SAN DIEGO — San Diego Gas & Electric Co. can raise electricity rates to recoup the $2 million cost of upgrading lines to Mexico, federal regulators said Wednesday.
But regulators said the utility must provide more information to resolve concerns expressed by California’s power regulators.
SDG&E can bill its 1.2 million customers for the expense plus a 13 percent return over 10 years, the Federal Energy Regulatory Commission ruled.
FERC said the order “helps protect consumers in the Western United States from supply disruptions and unreasonable rate increases by relieving transmission constraints.”
The money would be used to upgrade existing transmission lines linking California’s Imperial Valley with the La Rosita plant near Mexicali, Mexico.
SDG&E said the upgrade would allow the utility to import up to 900 megawatts of power across the border, up from its present capacity of 408 megawatts.
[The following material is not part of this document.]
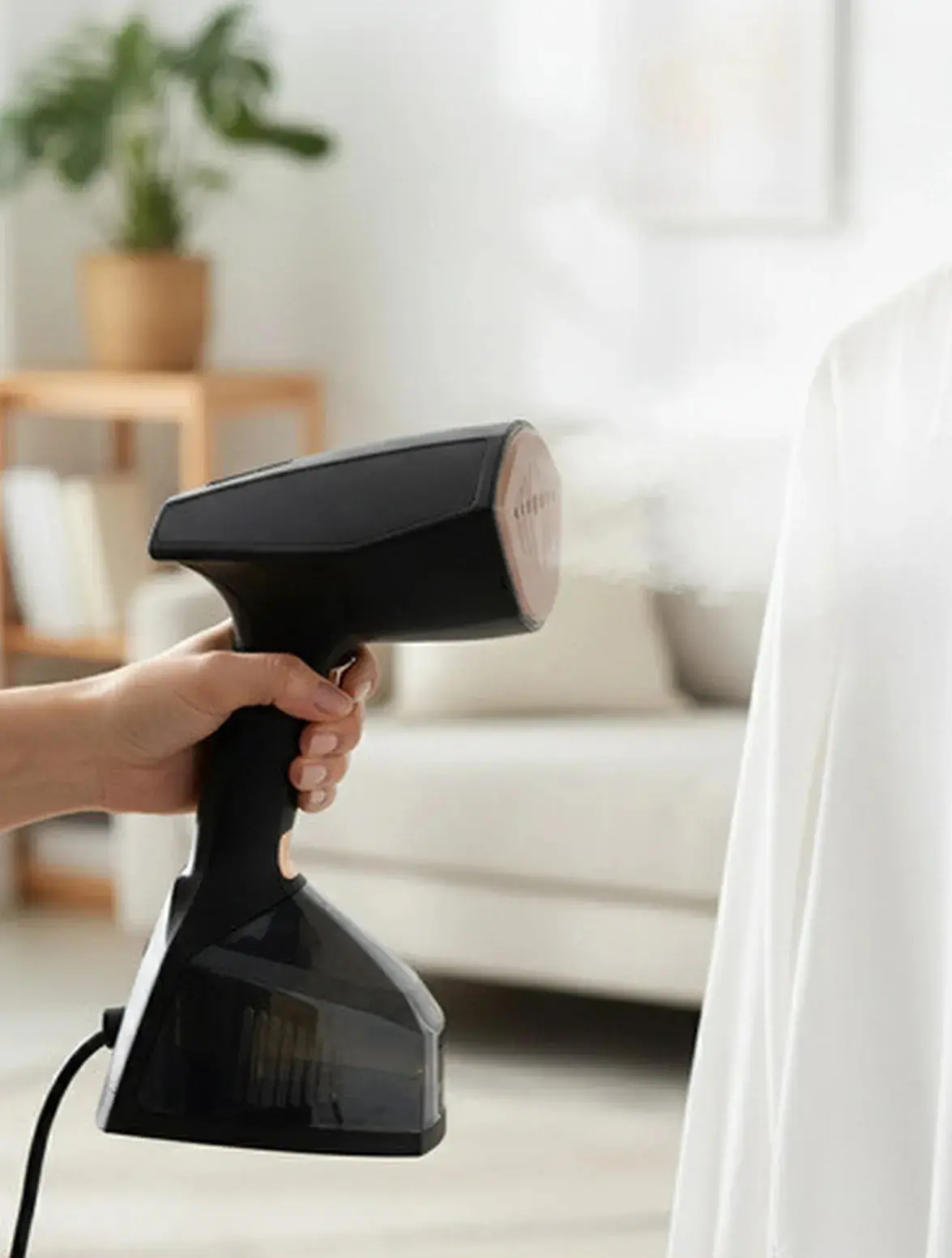 Aparat de calcat cu aburi Ruhhy 26901 (Black)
A megawatt is enough power for 750 to 1,000 homes.
The utility proposed the upgrade shortly before the onset of California’s electricity crisis last year, but SDG&E accelerated its work on the project to help alleviate shortages of power.
The California Public Utilities Commission raised several concerns in a filing before the Federal Energy Regulatory Commission, which has jurisdiction over electric transmission lines.
The CPUC said SDG&E had not adequately documented the $2 million cost and may be overcharging customers for the costs of the transmission lines.
In its order, FERC demanded SDG&E provide further documentation within 15 days to explain its project costs and resulting charges.